Figures from the Audit Bureau of Circulation tell a surprising story about lad-mags and their supposedly embattled forefathers.
Maxim is slightly down in subscriptions and newsstand sales for the second half of 2002 vs. the same period of 2001. Stuff’s subs are up 20%, but its single-copy sales have dropped by almost the same amount. Only FHM can party hearty, with a 40% uptick in subs and a 10% jump on the newsstand.
GQ and Esquire, interestingly, have seen respectable upticks in subscriptions and newsstand sales in the same span. Subs at Hearst title Esquire are up 12% and single-copy sales are up 17%. Conde Nast’s GQ is up 6% in both categories.
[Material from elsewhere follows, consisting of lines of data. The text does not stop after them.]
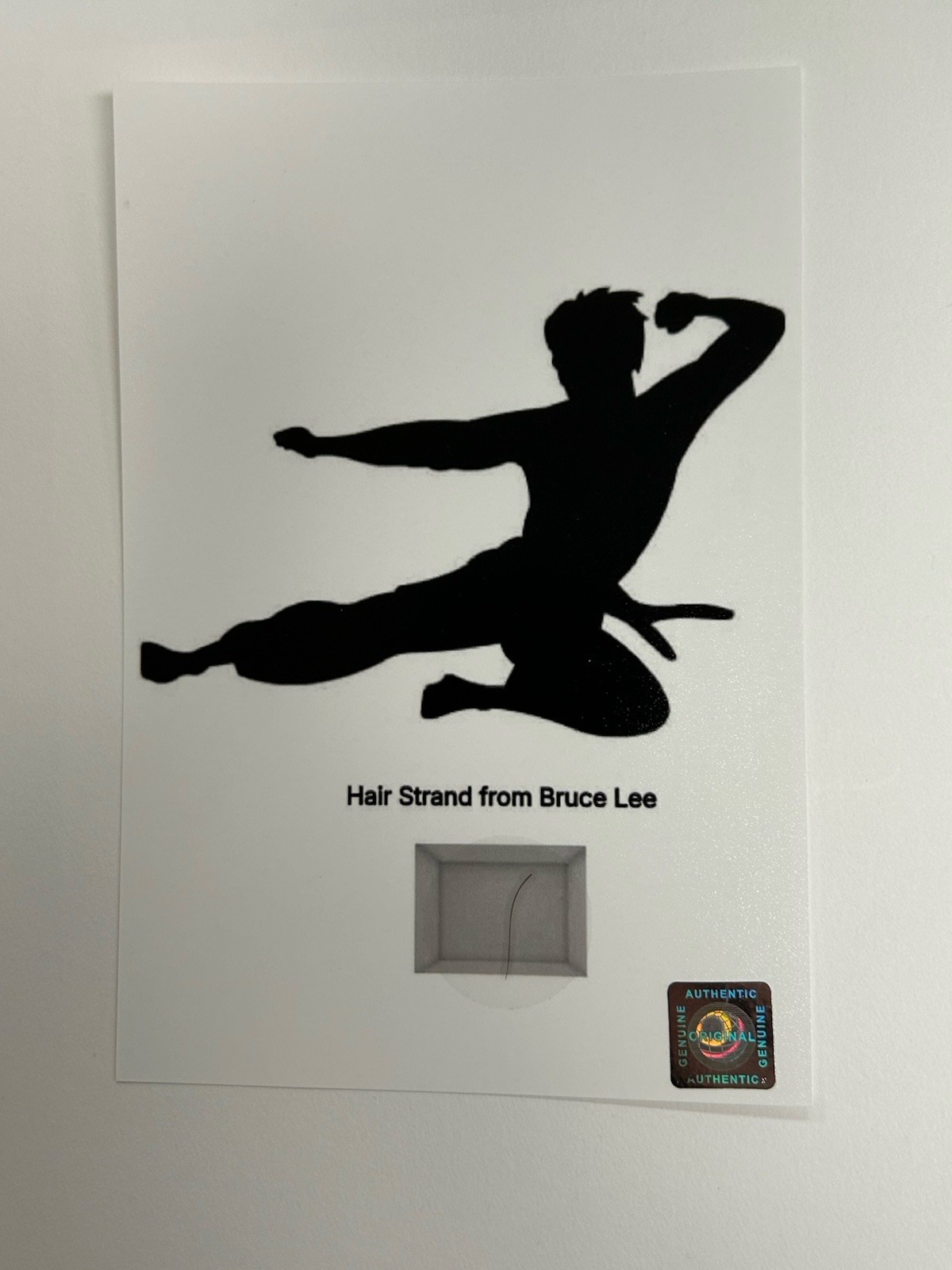 Bruce Lee Hair Lock Piece Speck Relic display photo Authentic Collectors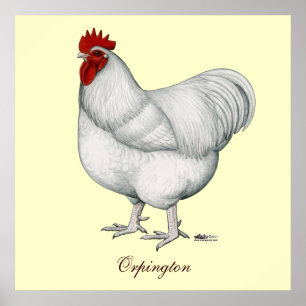 Orpington White Rooster Poster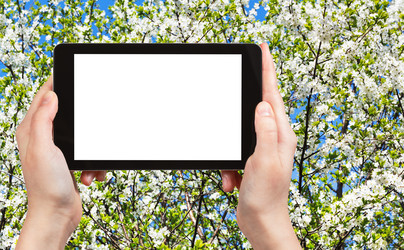 Similar image 7828820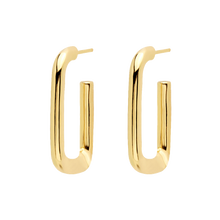 Load image into Gallery viewer, Muze gold earrings
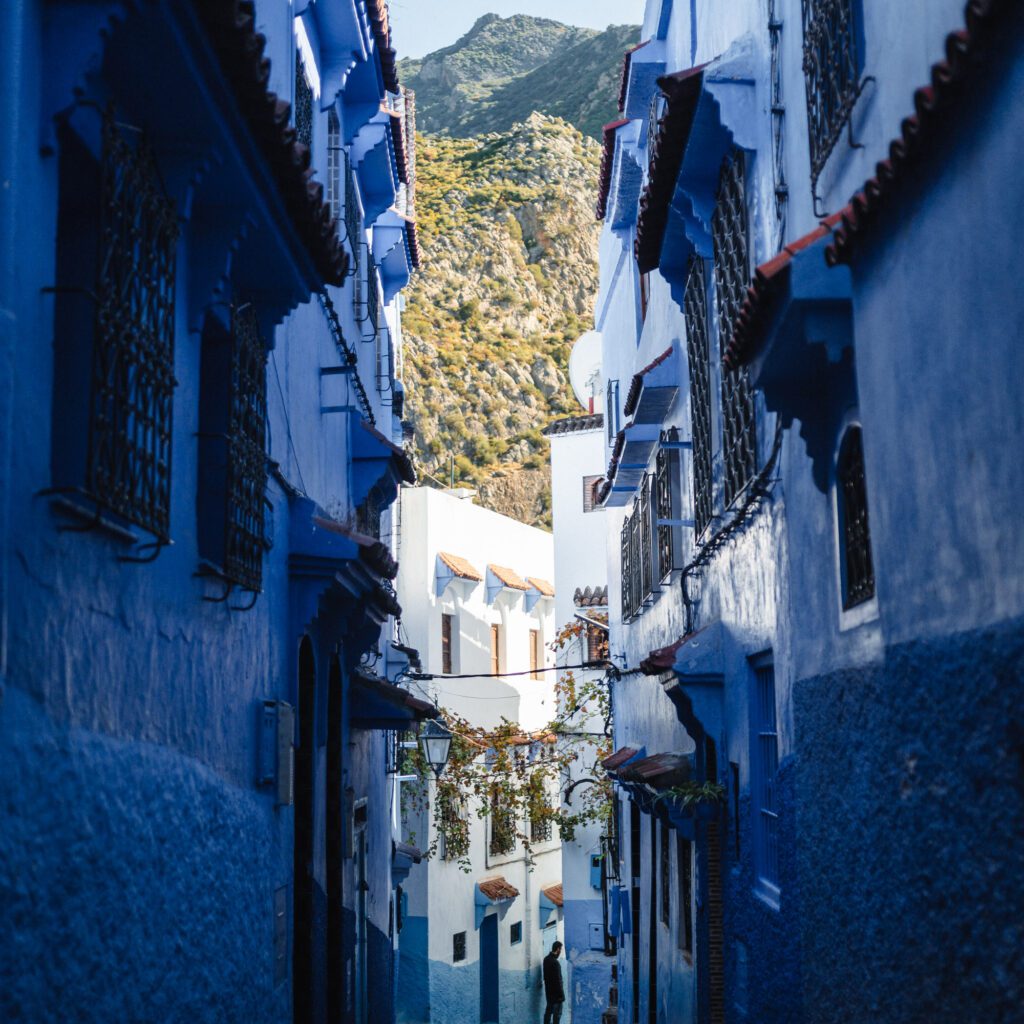 1736024569438-425358970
So maybe the lad-mag craze has peaked, and maybe GQ parent Conde Nast should think twice about hiring hot-blooded laddie-mag men.
“This is the last icon of men’s magazines,” says U. of Mississippi journalism prof Samir Husni. “Playboy is redesigning and will take the Maxim route. So is GQ. They are both Maxim-izing.”
Indeed, Cooper’s possible successors at GQ — David Zinczenko of Men’s Health or British GQ editor Dylan Jones — are more likely to offer quick tips on goosing your mojo than a 6,000-word piece in a Hollywood issue.
But the push to pander to younger male readers has even rival editors anxious — and wondering if the redesigns will help or hurt the stalwart mags.
“I worry that the magazine industry underestimates the intelligence of men and their ability to form an emotional attachment to a story,” says Esquire editor-in-chief David Granger, who once was a top editor at GQ.
“The challenge of any magazine is to aggregate a big audience,” he says. “But do you want to dumb it down to reach a broader base?”
Still, the laddie titles continue to enjoy advantages in single-copy sales. Figures like FHM’s 400,000 single-stand sales vs. GQ’s 200,000 turned heads at Conde Nast.
And hooking new readers is what it’s all about, say lad-mag editors.
“These people are not as interested in their readers as they are other editors,” says Stuff editor-in-chief Greg Gutfeld of his mainstream rivals. “There’s a lot of resentment from these people because we are actually read.”
But Robert Wallace, who took the helm at the Wenner adventure mag Men’s Journal last summer, has a more tempered view.
“I think laddie books are positive. They got guys subscribing to the magazine experience,” says Wallace.
“But later those readers will leave those mags. I don’t want to be a laddie book. I want my magazine to be the next step.”